Ce sont les terres les plus arides, principalement au sud et à l'est du pays, qui seront le plus touchées et la zone agro-écologique Orientale deviendra presque entièrement inapte à la culture des blés dans les zones non irriguées. Les zones qui seront relativement épargnées sont celles qui sont situées au nord du pays où la pluviométrie est plutôt élevée. Dans le cas du scénario A1, la superficie des terres qui ont une aptitude forte ou moyenne à la culture du blé passeront de 16.4% du territoire national, actuellement, à 14.1% à l'horizon 2050 et 10.5% vers 2100. Par contre, les terres à aptitude faible ou inaptes à la culture des blés, qui représentent actuellement 83.6% de la superficie du pays, représenteront 85.9% en 2050 et 96.5% vers la fin du siècle.

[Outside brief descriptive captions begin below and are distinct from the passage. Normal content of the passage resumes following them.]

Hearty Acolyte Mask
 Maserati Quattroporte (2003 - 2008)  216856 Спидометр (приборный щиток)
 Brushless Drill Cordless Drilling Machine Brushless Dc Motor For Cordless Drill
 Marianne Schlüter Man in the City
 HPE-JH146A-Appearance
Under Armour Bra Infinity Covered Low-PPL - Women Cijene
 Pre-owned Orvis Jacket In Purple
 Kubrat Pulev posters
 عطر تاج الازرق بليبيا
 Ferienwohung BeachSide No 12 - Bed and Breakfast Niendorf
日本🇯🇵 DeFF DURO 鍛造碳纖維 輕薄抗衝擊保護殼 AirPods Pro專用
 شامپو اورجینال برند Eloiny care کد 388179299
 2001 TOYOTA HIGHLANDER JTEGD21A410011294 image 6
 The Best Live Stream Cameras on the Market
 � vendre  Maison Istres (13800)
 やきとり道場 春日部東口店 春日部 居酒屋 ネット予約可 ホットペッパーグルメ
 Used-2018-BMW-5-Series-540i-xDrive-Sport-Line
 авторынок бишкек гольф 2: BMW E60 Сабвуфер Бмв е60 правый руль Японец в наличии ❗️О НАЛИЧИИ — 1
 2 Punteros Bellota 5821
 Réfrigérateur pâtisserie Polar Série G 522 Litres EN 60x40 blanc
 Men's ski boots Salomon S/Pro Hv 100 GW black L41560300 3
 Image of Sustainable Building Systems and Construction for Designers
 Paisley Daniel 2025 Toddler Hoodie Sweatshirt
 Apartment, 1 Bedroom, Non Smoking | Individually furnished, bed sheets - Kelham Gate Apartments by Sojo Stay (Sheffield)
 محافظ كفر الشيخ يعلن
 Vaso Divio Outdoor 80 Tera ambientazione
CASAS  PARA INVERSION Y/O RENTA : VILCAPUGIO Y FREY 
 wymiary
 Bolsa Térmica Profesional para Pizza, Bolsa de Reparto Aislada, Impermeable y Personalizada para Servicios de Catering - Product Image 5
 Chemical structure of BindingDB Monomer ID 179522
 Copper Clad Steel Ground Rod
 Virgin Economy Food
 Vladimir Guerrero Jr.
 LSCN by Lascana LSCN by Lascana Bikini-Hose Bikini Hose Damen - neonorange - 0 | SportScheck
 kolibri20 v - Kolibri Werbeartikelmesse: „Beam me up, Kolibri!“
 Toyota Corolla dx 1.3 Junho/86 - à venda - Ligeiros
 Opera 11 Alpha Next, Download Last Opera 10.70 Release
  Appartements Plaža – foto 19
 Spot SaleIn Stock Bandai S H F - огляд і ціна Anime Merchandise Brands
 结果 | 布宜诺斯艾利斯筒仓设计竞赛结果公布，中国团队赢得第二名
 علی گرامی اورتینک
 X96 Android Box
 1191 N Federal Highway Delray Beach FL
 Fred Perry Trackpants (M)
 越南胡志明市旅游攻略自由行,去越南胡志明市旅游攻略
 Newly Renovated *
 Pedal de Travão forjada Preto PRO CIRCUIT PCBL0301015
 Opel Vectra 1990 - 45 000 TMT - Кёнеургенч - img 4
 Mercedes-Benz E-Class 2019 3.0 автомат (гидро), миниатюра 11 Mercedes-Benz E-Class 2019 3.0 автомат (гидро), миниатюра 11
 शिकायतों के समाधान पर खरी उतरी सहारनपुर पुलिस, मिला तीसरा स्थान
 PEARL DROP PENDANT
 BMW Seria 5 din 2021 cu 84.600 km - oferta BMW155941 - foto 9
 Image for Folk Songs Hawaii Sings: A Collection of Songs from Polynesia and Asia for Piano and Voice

En résumé, le changement climatique aura donc des conséquences négatives sur l'agriculture marocaine, notamment :

· La chute de la productivité agricole, surtout pour les cultures pluviales et celles pour lesquelles le progrès technologique réalisé est faible ou nul, tels que l'orge, le blé dur, le blé tendre, l'olivier, et les légumineuses alimentaires ;

· La diminution de la capacité des terres à l’agriculture ;

· Le déplacement de l'aire de culture de certaines espèces comme celles qui sont exigeantes en eau (maïs, tournesol, fève, olivier) ou qui seront affectées par la hausse des températures (espèces arboricoles fruitières ayant besoin en froid) ;

· La perte de fertilité des sols en raison de la baisse de la matière organique des sols et de l'érosion hydrique et éolienne ;

· La baisse des disponibilités en eau d’irrigation.

VI. Situation actuelle de la productivité des principales cultures de sécurité alimentaire

1. Céréales

Les statistiques agricoles mondiales montrent que les rendements des blés (blé tendre et blé dur) augmentent de façon linéaire dans plusieurs régions sur la période de 1961 à 2007. La progression des rendements a été plus importante en Europe (0,6 Qx/ha.an) que dans le reste du monde (0,4 Qx/ha.an) ou en Afrique (0,3 Qx/ha.an) (Figure 14). Au Maroc, le rythme du progrès technologique pour les blés est relativement faible, de 0,12 Qx/ha.an, comparé à un pays voisin comme l'Espagne où il est de 0,44 Qx/ha.an. En Egypte, le rythme du progrès technologique est très important (1,02 Qx/ha.an) et les rendements sont très peu variables d'une année à l'autre en raison du recours très important à l'irrigation. À l'échelle du pourtour méditerranéen, le Maroc se situe parmi les pays où le rendement moyen du blé est faible (11 Qx/ha) et où sa variabilité interannuelle est très forte (35%) sur la période de 1961 à 2007.

15a

15b

Figure 15 : Progression du rendement du blé dans le monde (15a) et dans le pourtour méditerranéen (15b) (Source FAOSTAT ; http://faostat.fao.org/).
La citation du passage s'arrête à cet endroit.